What do you all think?


----------



## gary1218 (Dec 31, 2005)

That's pretty impressive. I guess I'd be curious to see how much you would really save on shipping being a 9lb package. I'd be even more curious to know what that black inner box is made of so that we could just make it ourselves


----------



## markpulawski (Nov 19, 2004)

Frogs in the dark kind of go into a "resting state", a friend of mine brought back frogs from Europe once and had accumulated them over 7 or 8 days time, he left them all in a dark box and did nothing to them, all were 100% fine when put into their tanks over a week later. If you can assure temps are good you will have no problems
By the way I always use Express Mail at the post office, my last 2 shipments were under $25 and both arrived the next day in 100% good shape.
Mark


----------



## joshsfrogs (May 6, 2004)

I'm curious how delicate the vacuum seal is. I wonder how many times you could ship the box before it was in such bad shape that the vacuum didn't work anymore.



> By the way I always use Express Mail at the post office, my last 2 shipments were under $25 and both arrived the next day in 100% good shape.

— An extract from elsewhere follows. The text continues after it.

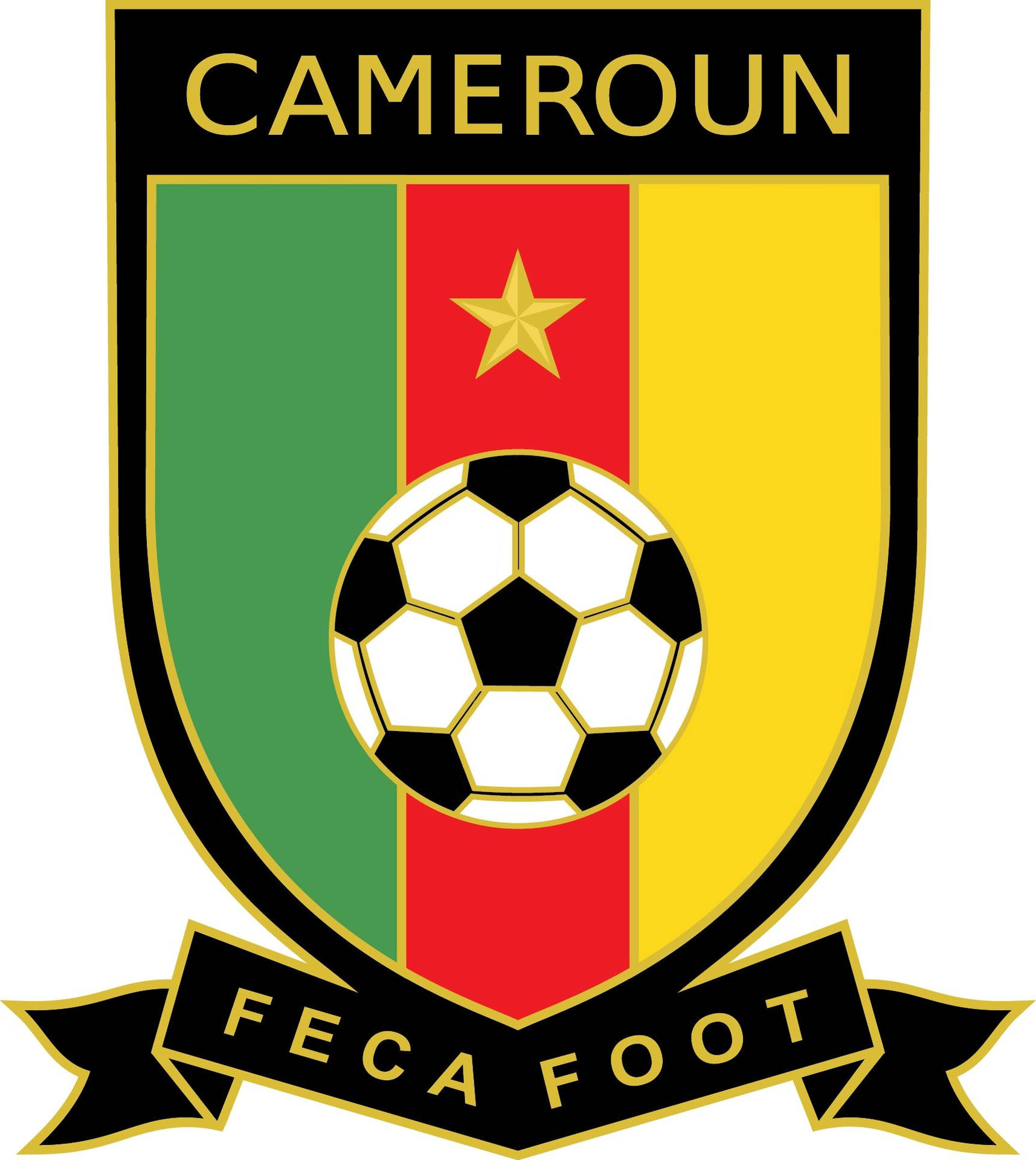Seleção Camaronesa De Futebol Papel de Parede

I offered my customers last year the choice between UPS and USPS for shipping frogs. The majority chose UPS even though it is substantially higher in price.


----------



## amphibianfreak (Jul 21, 2004)

Just wanted to share....

About 2 years ago (this coming august) I had a few somewhat delicate frogs sent to me from what I though was a reputable breeder. They were to be sent USPS overnight. Overnight turned into 2 day, 2 day turned into the package being lost....Finally after a lot of calling USPS the package was "found" and finally got to me 3 days after being sent. Now, the frogs were alive (panguana lamasi) but it was not do to the packaging. The packaging was horrible. Single cardboard box, no styro reinforcement, frogs were place in a 32oz ff container with nothing to prevent them from being jostled. Upon receipt, the paper towel that was at one point damp was completly dry. So, i guess even under the worst packaging conditions and moderate temps, 2 day should not be a problem... I still have the frogs to this day with no ill effects...


----------



## Dancing frogs (Feb 20, 2004)

gary1218 said:


> That's pretty impressive. I guess I'd be curious to see how much you would really save on shipping being a 9lb package. I'd be even more curious to know what that black inner box is made of so that we could just make it ourselves


Well, I am considering doing that, the black box, I'm pretty sure is just a double walled plastic container with phase change material inside it.
But that is only part of the performance equation.
The other part is the vacum panels...I have no idea how to make them, and they are a key element...if I remember correctly, vacum has an insulating value of R-30 per inch, whereas the next best thing that is commonly available only offers about R-5 per inch.
As for the longevity of the vacum panels...that would be something to consider, if you look on the website they do mention replacement panels.
I requested a quote, and I'll see what happens.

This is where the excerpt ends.